# Sugarloaf 5-02-08



## loafer89 (May 2, 2008)

Area skied: Sugarloaf, Maine

Date skied: May 2nd, 2008 from 8:30am - 2:00pm

Surface conditions: machine groomed, variable, packed powder, spring snow, heavy wet untracked snow.

Weather: sunny, 37F at 8:30am, 54F at 2:00pm

Sugarloaf:







Kings Landing:









Today was my first day of skiing in May at Sugarloaf and my first ski day in May anywhere else except for at Killington. Warren and I arrived to the mountain at 8:00am and where on slope taking our first run down Kings Landing. Sadly enough we skied down torwards Kings Landing to check out Double Bitter which despite the ski conditions report that it was opened, proved to be closed with a rope across it:???:

Kings landing was okay with a variable surface mix of packed powder, hardpacked and lots of snow/ice cookies. The bottom half of the trail was very nice with smooth soft spring corn.

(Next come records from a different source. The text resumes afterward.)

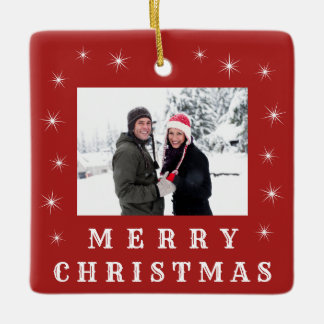 Modern Merry Christmas Snow Family Photo Red Keramikornament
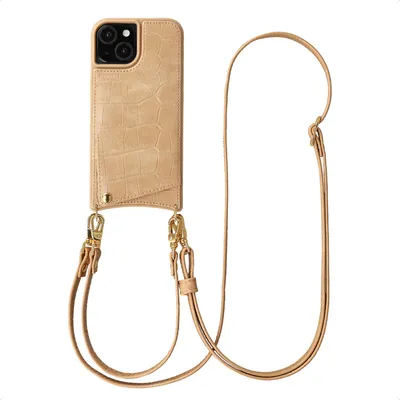 Immagine prodotto di Custodia per telefono Selencia Nova Croco con cordino e porta carte per Apple iPhone 15 - Toasted Almond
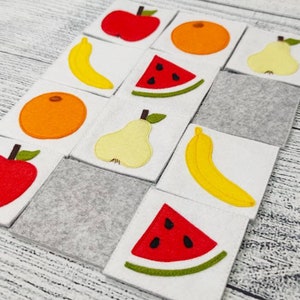 Juego de emparejamiento de cartas de fieltro, juego de tarjetas de memoria, juego de aprender frutas, juego de memoria para niños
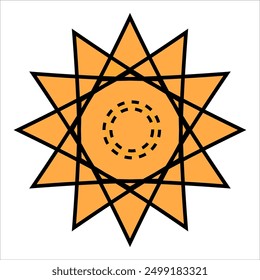 This is an artistic drawing featuring a sun that has a prominent circle positioned in the very center of its design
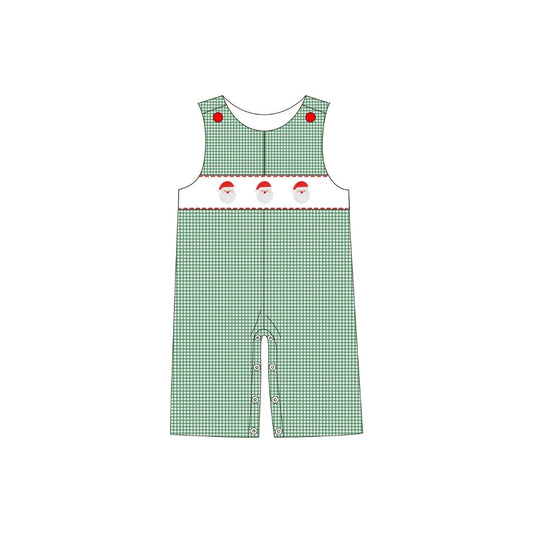 PRE ORDER - Hazel Blue Dark Green Micro Check Gingham Longall with Embroidered Santa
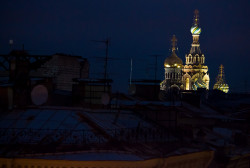 dennis-spb 
Saint-Petersburg. Spas-na-Krovi Dom from the roof at winter early morning. 
2014-10-21 20:30:28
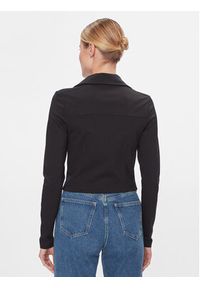 Calvin Klein Jeans Bluzka Polo Collar Milano Regular Top J20J222556 Czarny Regular Fit. Typ kołnierza: polo. Kolor: czarny. Materiał: syntetyk, wiskoza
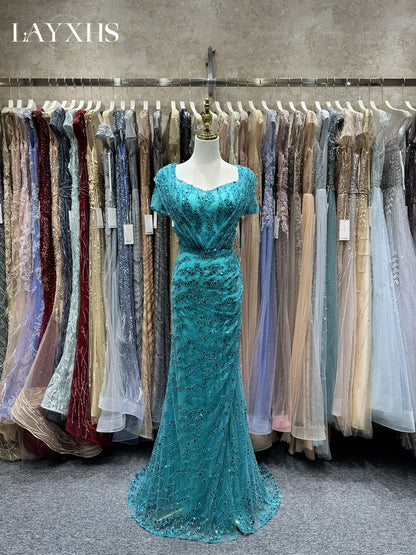 Luxury Purple Beaded Mermaid Evening Party Dress with Slit LP050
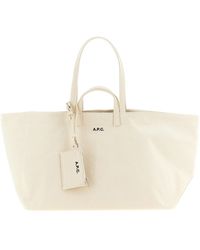 A.P.C. - 'le Drummer Toile' Large Shopping Bag - Lyst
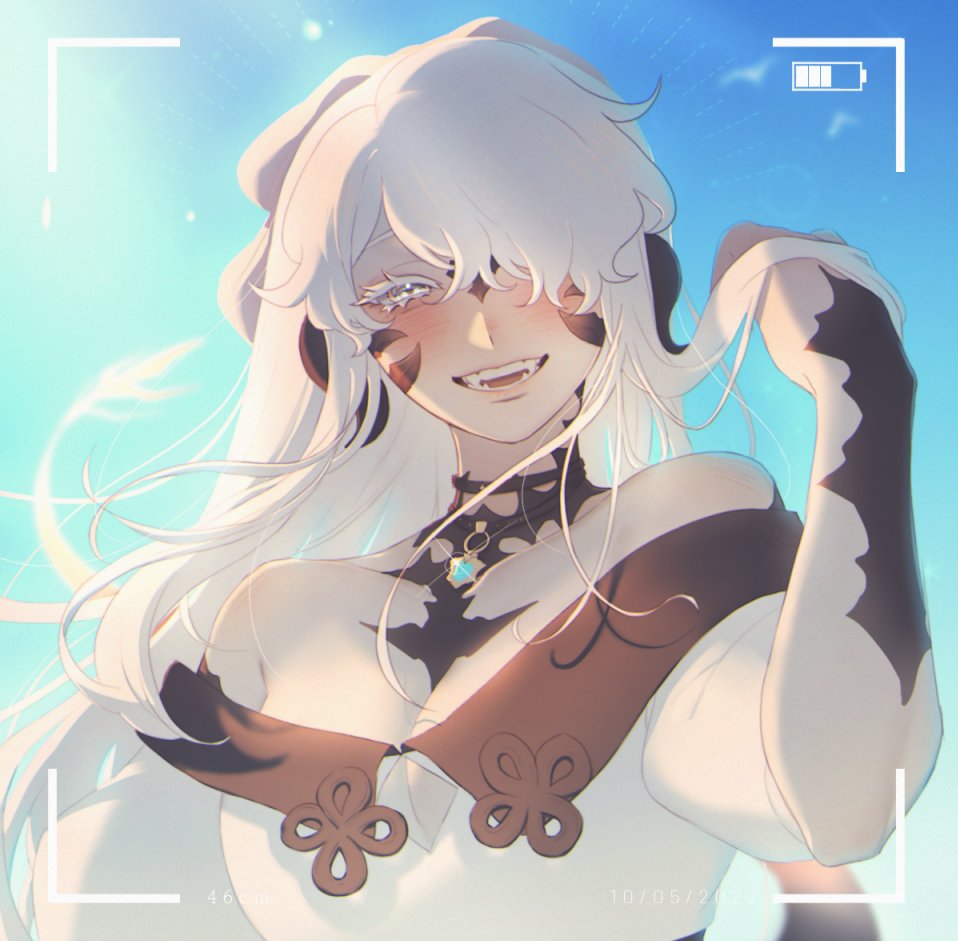 1girl solo au ra horns long hair white hair looking at viewer  illustration images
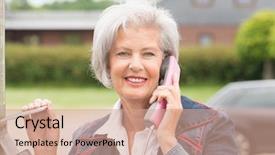  Presentation with mobile phone in woman hand - Beautiful slide deck featuring senior woman at the phone backdrop and a  colored foreground
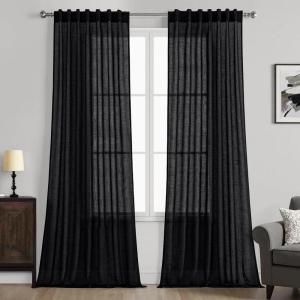 MIULEE Chocolate Brown Linen Curtains 90 Inch Long for Bedroom Living Room, Soft Thick Linen Textured Window Drapes Semi Sheer Light Filtering Back Tab Rod Pocket Burlap Look Decor, 2 Panels(Black)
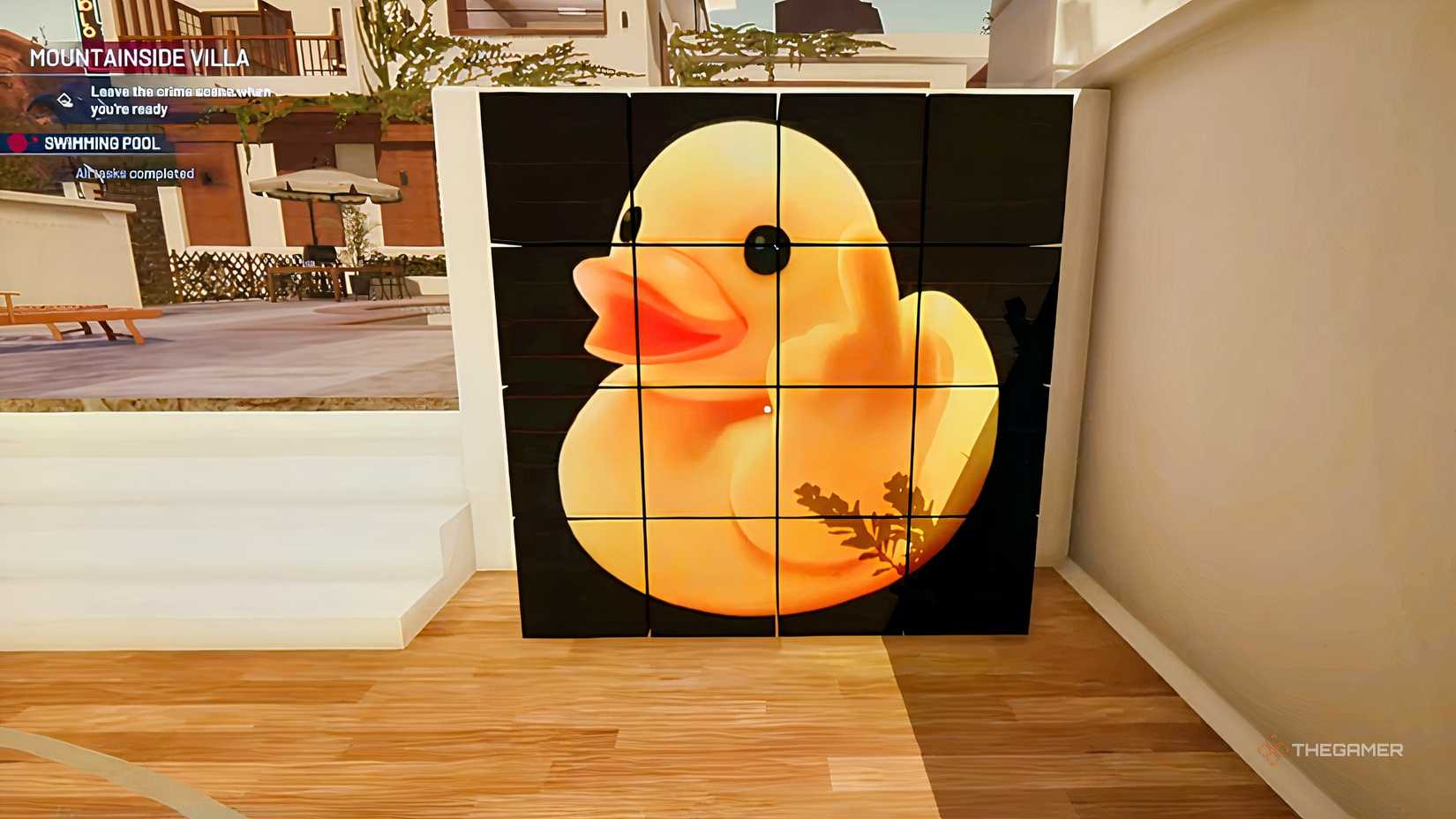 Crime Scene Cleaner Duck puzzle cube wall.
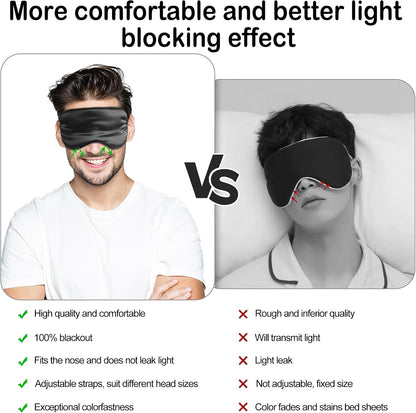 Sleep Mask Silk Eye Mask for Sleeping, Eye Cover Soft Satin Blindfold Adjustable Strap, Satin Blackout for Men & Women, Super Soft Eyeshade for Night Sleeping (Black)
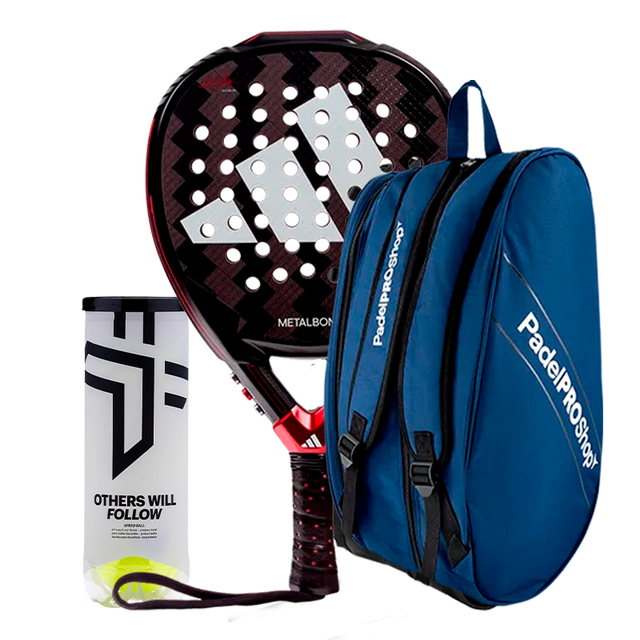 Emballer Raquette Adidas Metalbone 3.3 Ale Galán + Sac de padel PadelPROShop Noir + Balles Oxdog BOOST+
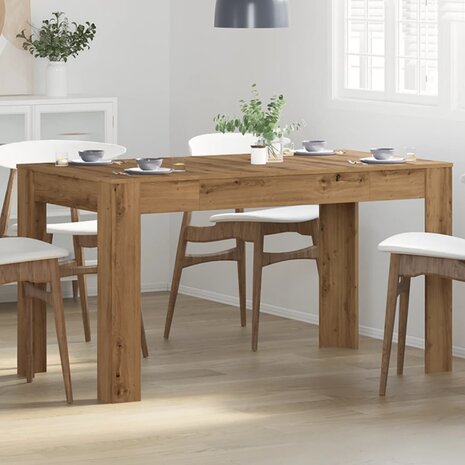 Eettafel 140x74,5x76 cm bewerkt hout artisanaal eikenkleurig 4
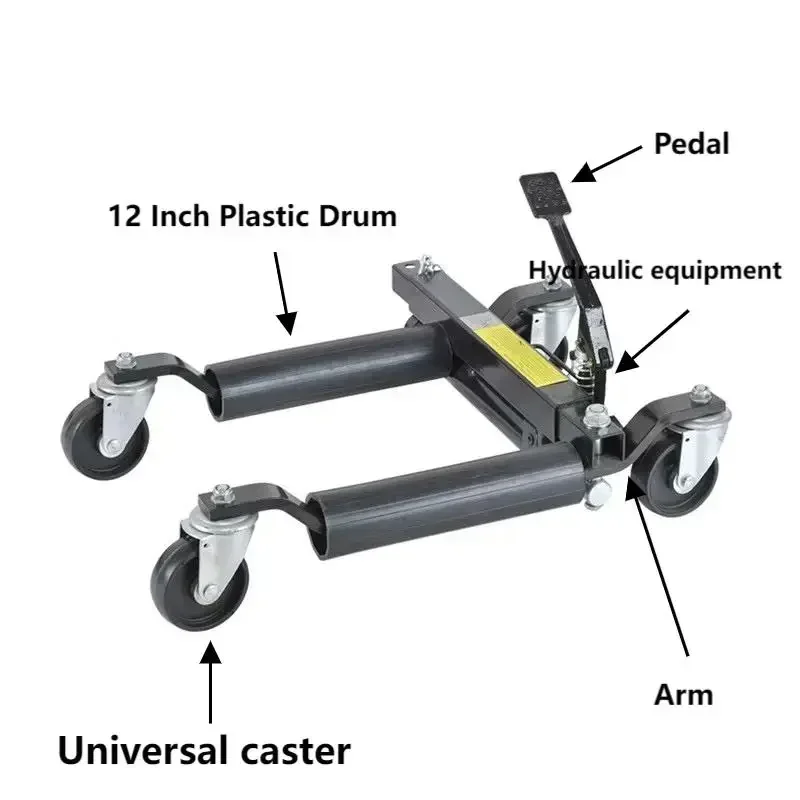 Hydraulic Car Mover, Nylon Universal Wheels, 12 Inch Plastic Tube Sleeve, Portable, Movable Seat，Multi scenario Use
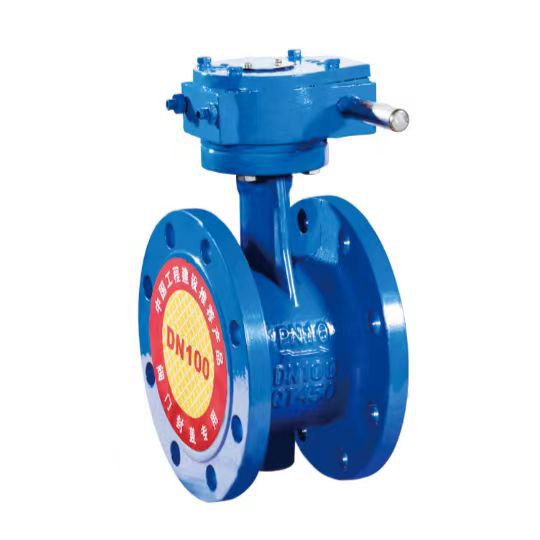 法兰蝶阀涡轮大口径蝶阀球墨铸铁三元乙丙胶软密封给排水蝶阀开关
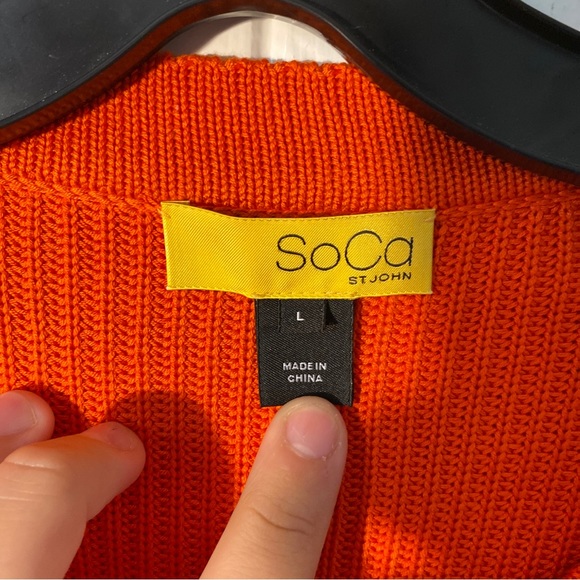 (1) Trendy Orange SoCa St. John Zip-Up Cardigan Jacket Women’s Size Large - Picture 9 of 16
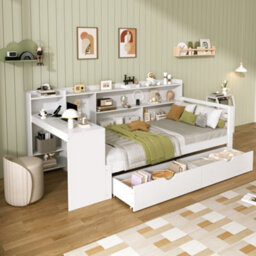 Matteo 3Ft Single Bed Frame With Integrated Desk, Charging Station & Storage Drawers - White - thumbnail 4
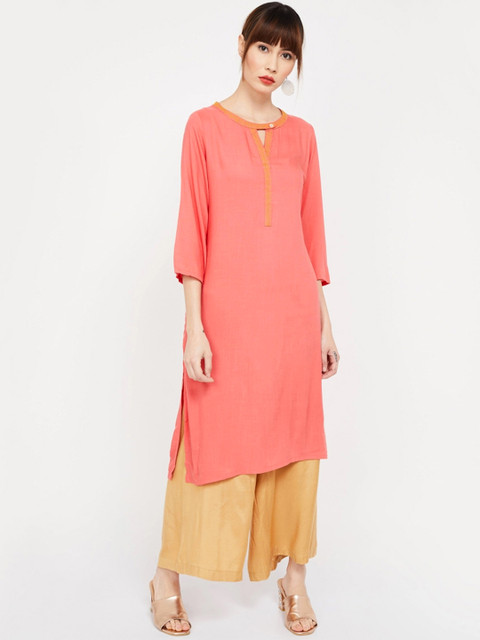 

Melange by Lifestyle Women Coral Orange Solid Straight Kurta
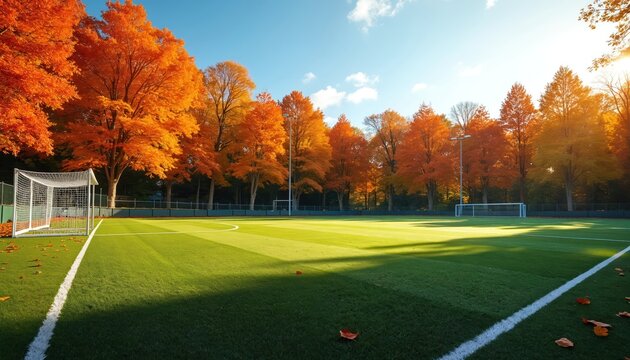 Soccer field surrounded by vibrant autumn foliage. Trees with orange leaves frame green pitch. Sunlight illuminates scene creating warm atmosphere. Beautiful sports ground in fall season.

Warren having fun on Lower Kings Landing with edge to edge cover:







Hayburner was my favorite with great groomed and spring snow for 100% of the run and we took four runs down it today. At the bottom of Candy Side I heard a yell out of my name from the Superquad above and sure enough we spotted BobR with his son. We later met up and exchanged greatings and Warren skied down Skidder with them while I skied Hayburner.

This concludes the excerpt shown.